Note that multi-threading requires *starting* Julia with the `--threads`

argument, see the multi-threading section of the manual. If you are running Julia with multiple threads, KernelAbstractions will detect this and multi-thread the loops automatically.

Running on a GPU requires initializing the `Simulation`

memory on the GPU, and care needs to be taken to move the data back to the CPU for visualization. As an example, let's compare a **3D** GPU simulation of a sphere to the **2D** multi-threaded CPU circle defined above

```
using CUDA,WaterLily
function sphere(n,m;Re=100,U=1,T=Float64,mem=Array)
radius, center = m/8, m/2-1
body = AutoBody((x,t)->√sum(abs2, x .- center) - radius)
Simulation((n,m,m),(U,0,0), # 3D array size and BCs
2radius;ν=U*2radius/Re,body, # no change
T, # Floating point type
mem) # memory type
end
@assert CUDA.functional() # is your CUDA GPU working??
GPUsim = sphere(3*2^5,2^6;T=Float32,mem=CuArray); # 3D GPU sim!
println(length(GPUsim.flow.u)) # 1.3M degrees-of freedom!
sim_step!(GPUsim) # compile GPU code & run one step
@time sim_step!(GPUsim,50,remeasure=false) # 40s!!
CPUsim = circle(3*2^5,2^6); # 2D CPU sim
println(length(CPUsim.flow.u)) # 0.013M degrees-of freedom!
sim_step!(CPUsim) # compile GPU code & run one step
println(Threads.nthreads()) # I'm using 8 threads
@time sim_step!(CPUsim,50,remeasure=false) # 28s!!
```

As you can see, the 3D sphere set-up is almost identical to the 2D circle, but using 3D arrays means there are almost 1.3M degrees-of-freedom, 100x bigger than in 2D. Never the less, the simulation is quite fast on the GPU, only around 40% slower than the much smaller 2D simulation on a CPU with 8 threads. See the 2024 paper and the examples repo for many more non-trivial examples including running on AMD GPUs.

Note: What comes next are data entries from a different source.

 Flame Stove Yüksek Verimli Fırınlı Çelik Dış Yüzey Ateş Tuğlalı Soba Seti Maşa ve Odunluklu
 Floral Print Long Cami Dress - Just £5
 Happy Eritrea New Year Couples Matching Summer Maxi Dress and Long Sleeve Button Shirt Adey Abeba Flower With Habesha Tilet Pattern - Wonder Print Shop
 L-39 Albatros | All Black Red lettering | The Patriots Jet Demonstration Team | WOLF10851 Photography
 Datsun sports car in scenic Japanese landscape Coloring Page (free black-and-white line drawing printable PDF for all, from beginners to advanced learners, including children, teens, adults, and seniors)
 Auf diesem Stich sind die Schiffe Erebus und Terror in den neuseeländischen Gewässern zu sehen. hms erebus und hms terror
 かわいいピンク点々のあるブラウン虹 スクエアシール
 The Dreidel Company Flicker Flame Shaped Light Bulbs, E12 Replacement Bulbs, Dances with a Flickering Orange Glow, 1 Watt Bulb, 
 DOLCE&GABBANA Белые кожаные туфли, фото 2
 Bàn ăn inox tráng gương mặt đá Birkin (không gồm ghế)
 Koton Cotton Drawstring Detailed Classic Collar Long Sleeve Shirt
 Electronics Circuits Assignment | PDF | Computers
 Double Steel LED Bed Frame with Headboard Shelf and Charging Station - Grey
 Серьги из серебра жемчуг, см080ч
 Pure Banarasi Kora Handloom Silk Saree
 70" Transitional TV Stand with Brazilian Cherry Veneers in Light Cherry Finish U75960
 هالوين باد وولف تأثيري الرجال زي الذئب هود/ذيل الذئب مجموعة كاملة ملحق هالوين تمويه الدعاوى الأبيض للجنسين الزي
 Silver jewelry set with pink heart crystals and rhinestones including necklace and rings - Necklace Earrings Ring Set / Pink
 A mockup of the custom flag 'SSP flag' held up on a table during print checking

Finally, KernelAbstractions does incur some CPU allocations for every loop, but other than this `sim_step!`

is completely non-allocating. This is one reason why the speed-up improves as the size of the simulation increases.

We always appreciate new contributions, so please submit a pull request with your changes and help us make WaterLily even better! Note that contributions need to be submitted together with benchmark results - WaterLily should always be fast! 😃 For this, we have a fully automated benchmarking suite that conducts performance tests. In short, to compare your changes with the latest WaterLily, clone the that repo and run the benchmarks with

```
git clone https://github.com/WaterLily-jl/WaterLily-Benchmarks && cd WaterLily-Benchmarks
sh benchmark.sh -wd "<your/waterlily/path>" -w "<your_waterlily_branch> master"
julia --project compare.jl
```

This will run benchmarks for CPU and GPU backends. If you do not have a GPU, simply pass `-b "Array"`

when runnning `benchmark.sh`

. More information on the benchmark suite is available in that README.

Of course, ideas, suggestions, and questions are welcome too! Please raise an issue to address any of these.

- Immerse obstacles defined by 3D meshes (Meshing.jl)
- Multi-CPU/GPU simulations (#141)
- Free-surface physics with (Volume-of-Fluid) or other methods.